I embarked on a re-read of Slaughterhouse Five with Greg of New Dork Review of Books for Book Riot's Vonnegut Day (here's the post we wrote together about the experience, if you're interested) and man. That is one bleak read, which explains why I loved it so hard in high school (I also lurved it this time because it's darkly hilarious which is my favorite kind of hilarious and his prose is deceptively simple. Like Hemingway, if Hemingway was a total smart-ass and also made pencil drawings of boobs).
The resemblance, she is uncanny.
For those of you who didn't go through the requisite Vonnegut-lurve as an adolescent like the rest of us did, let me catch you up to speed here: in Slaughterhouse Five, the main character Billy Pilgrim is an accidentally-time-traveling (maybe) veteran of World War II who was present at the fire-bombing of Dresden, Germany, and who was also kidnapped by aliens (maybe). The aliens who (maybe) take Billy teach him that all of time has already happened at the same time that it is happening and at the same time that it is always happening, so each moment is both inevitable and inalterable. Vonnegut drives this point home by stating "So it goes" (you know, that most popular of hipster tattoos) anytime a character dies. In the fist meta-chapter, Vonnegut gives us a semi-or-maybe-totally-autobiographical account of how hard it was for him to finally write a book about Dresden, saying that writing an anti-war book is like writing an anti-glacier book. An uphill battle with little to no discernable results.
So when I read this as a teenager, I took it very literally. Billy Pilgrim was a time traveling victim of alien abduction who was put in a zoo on another planet, and wars would happen because wars would happen because wars would happen because people are awful and do awful things and everyone sucks, let's drink some vodka and listen to Dashboard Confessional (before they [him] were cool). So that's one way to look at it.
Ten years later, I don't agree with my original interpretation (not just of the book, but of anything in life because everyone is wrong about everything at 16). There are a bunch of holes in the abducted-by-aliens sub-plot, and many of the things that Billy experiences while time traveling/space traveling show up in Kilgore Trout's sci-fi books, a detail I didn't notice or care about the first time around. I now think that Billy became "unstuck" in time as a way of escaping the moments he spent in Germany and the memories thereof (so they are essentially hallucinations), and that the alien view of time (the aliens also being hallucinations) is an excuse Billy (and the rest of humanity) tells itself in order to feel ok about something like genocide.

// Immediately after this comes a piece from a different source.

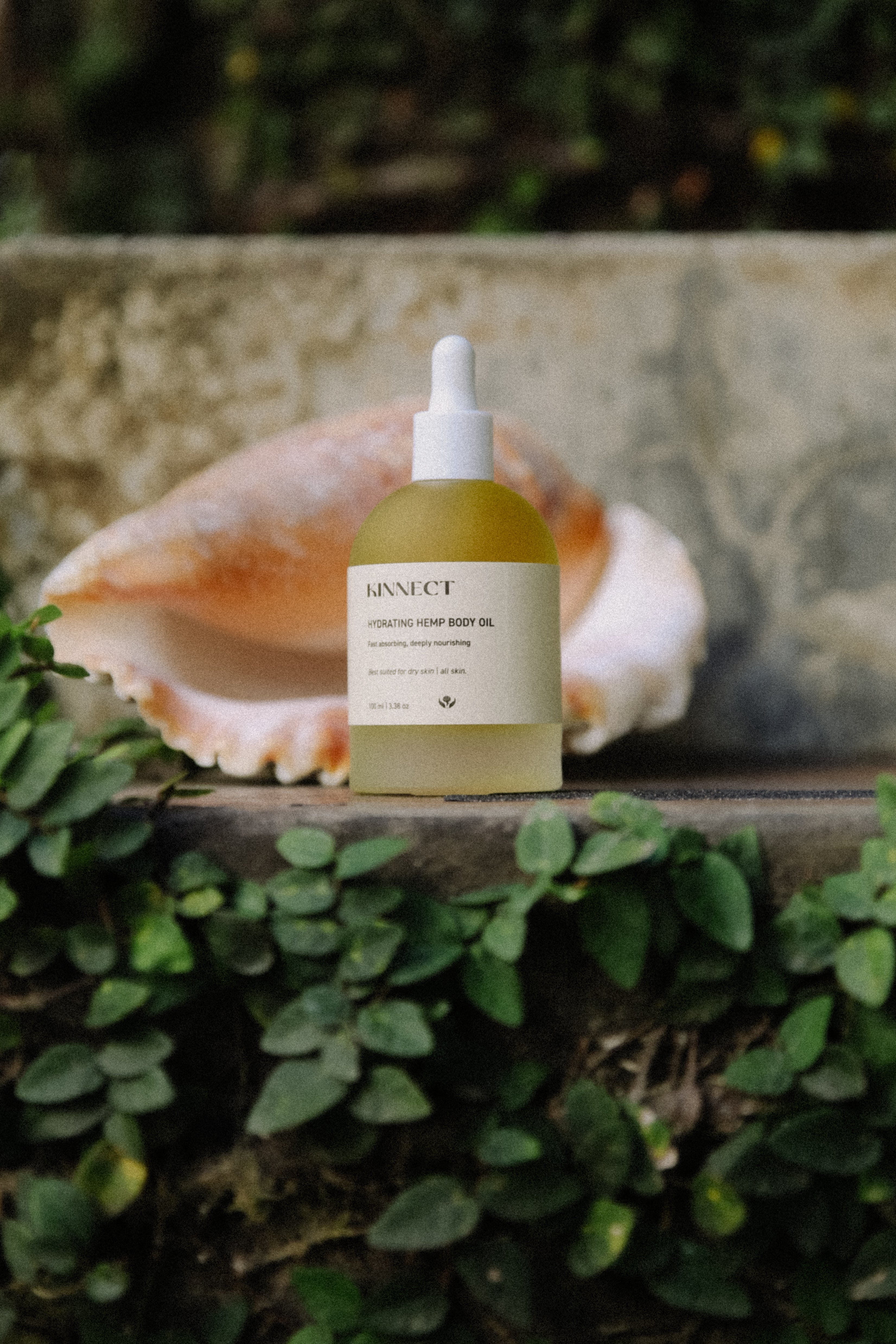 Kinnect Hydrating Hemp Body Oil bottle with dropper on a natural background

Having read a lot of Vonnegut's other work, along with many of his interviews and letters, I still think he found war to be an inevitability because life is a bitch and people can be awful. But I don't think he was taking "so it goes" so far into fatalism as to be interpreted as a call to do nothing about it- it's an acknowledgment and maybe even a warning that your efforts may come to nothing. So yeah, the book is bleak and cynical and maybe opposing something like war is similar to opposing a glacier, but that's no reason why we shouldn't do it anyway. The opposing, I mean, not the warring.
Gotta love a man who makes his own GIFs.
Four stars out of your mom, both for nostalgia and for all the rest of it.